Mention “muscles”, and for most people, images of buffed women and men come to mind. But muscles by definition are small tissues made of fibres and are responsible for essential things like our ability to move.
Despite the general association and to a certain point, misconception of muscles and fit bodies — we all have them.
Muscles at work
So how do muscles work? They work by contracting and relaxing. An example of muscle contraction at work is when you do a dumbbell curl. Do you notice how your biceps seem to stack up and look bigger at the top of the curling action? That’s the muscles fibres sliding together and contracting.
When you’re back at the starting position, that’s the muscles relaxing as the fibres slide apart causing the muscles to stretch out longer and thinner.
Types of muscles
There are three types of muscles:
- Skeletal Muscle – Attached to the bones to facilitate movements of our skeleton. Skeletal muscles are what you work on when you’re in the gym increasing muscle mass. They come in pairs; one moves the bone in one direction and the other move it back. They are also known as “voluntary muscles” as we have control over them.
- Smooth Muscle – Found in the digestive system, bladder, blood vessels and for women, in the uterus. Also known as “involuntary muscles” because we have no control over them as they are controlled by our nervous system.

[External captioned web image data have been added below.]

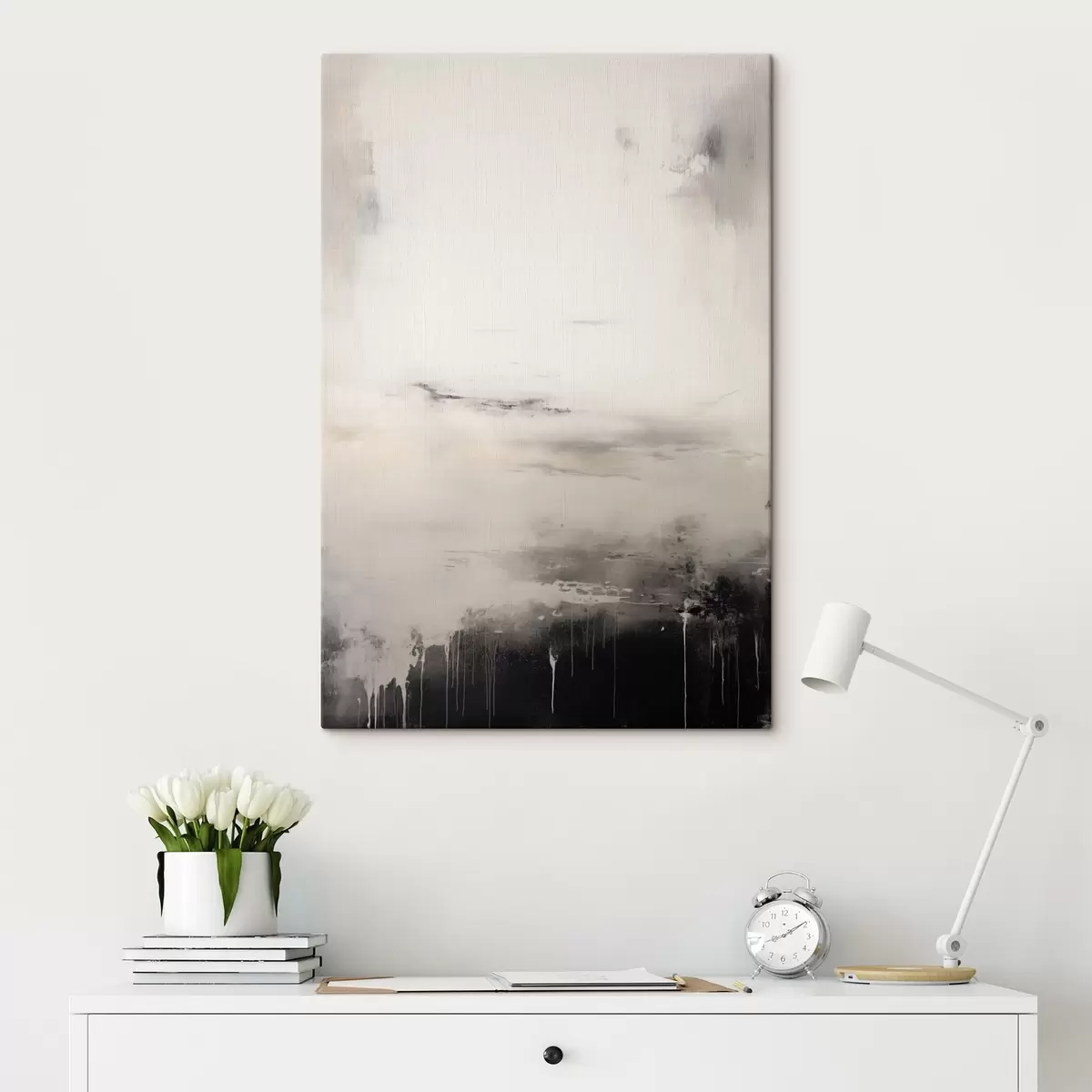 Tablouri Suprafață strălucitoare cu margini umbrite s44742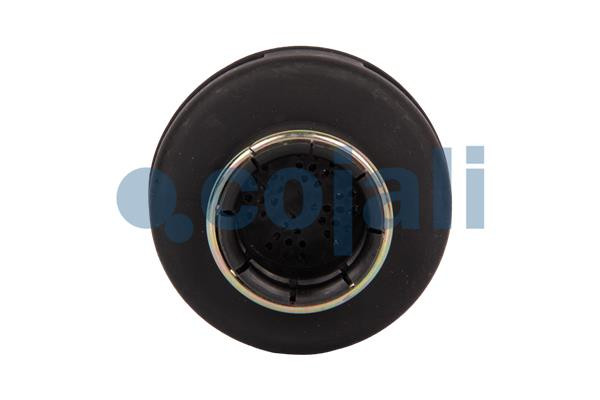 COJALI Geräuschdämpfer, Druckluftanlage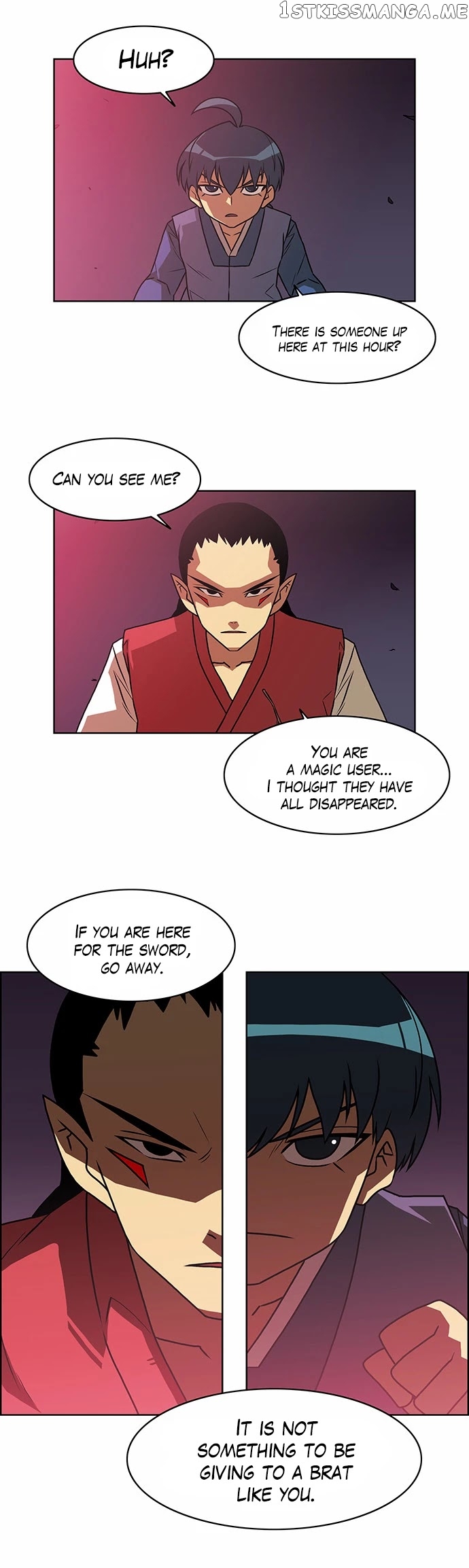 City of Dead Sorcerer chapter 205 - page 17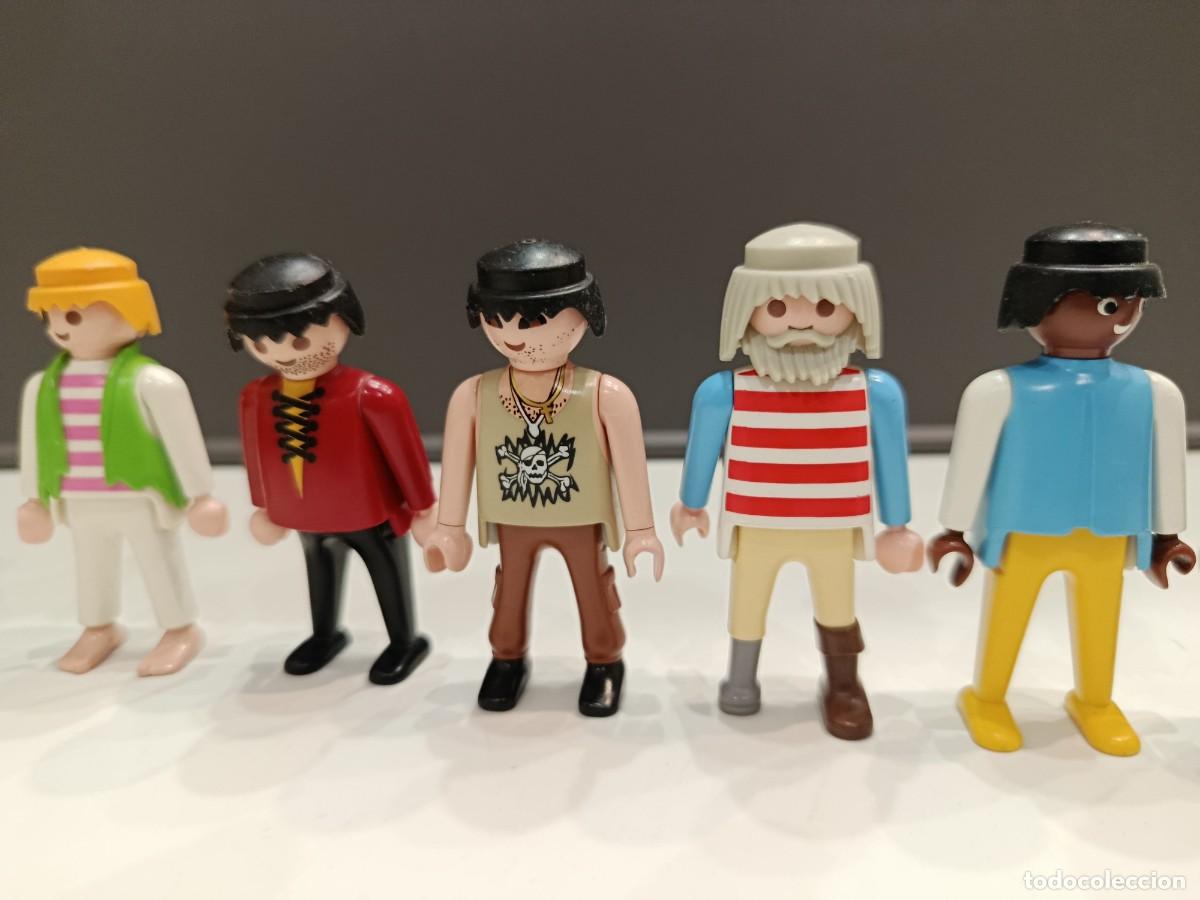 Playmobil: 14 FIGURAS - PLAYMOBIL VARIAS Ref. - GEOBRA - Foto 8
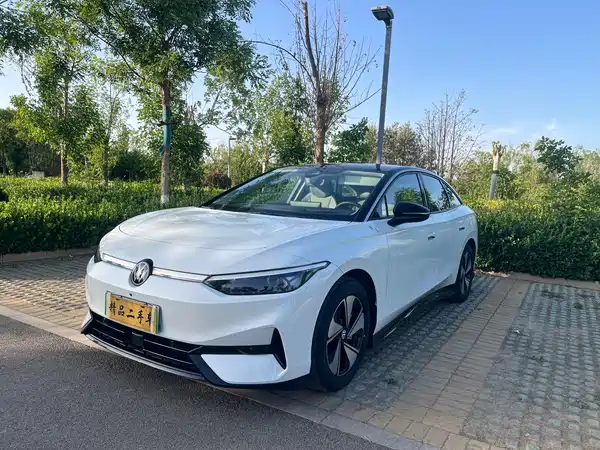 Volkswagen ID.7 VIZZION 2024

- Cardiac Muscle – Found solely in the heart, it responsible for endurance and consistency. Cardiac muscle incorporates both skeletal and smooth muscle features. It can stretch in a limited way like the latter and contract with force like the former.
Getting muscles to show
The reasons why for most people their muscles don’t show are because firstly, they are not being worked on or exercised regularly or intense enough. The second which is as common, the muscles are hidden by layers of fat. In fact, do you know that everyone has abdominal muscles, not just body builders or gym goers? What is preventing our abdominal muscles from showing are the layers of subcutaneous and visceral fat. The former is stored under the skin, and you can touch and grab them. The latter is the deep layer of fat surrounding your organs in the abdomen. This type of fat can cause imbalance and disrupt hormones function leading to health issues.
Visceral fat can be addressed with healthy diet and exercise. Fruits, vegetables, lean proteins and healthy fats, and whole grain food paired with daily exercise can significantly reduce the amount of visceral fat. Do also remember to eliminate processed foods, especially sugar.
We all want a fit looking body, but it is essential to remember that it is a journey that requires effort and discipline. Always ask for qualified advice and truly understand your body. Muscle up your knowledge and your body will be strengthened.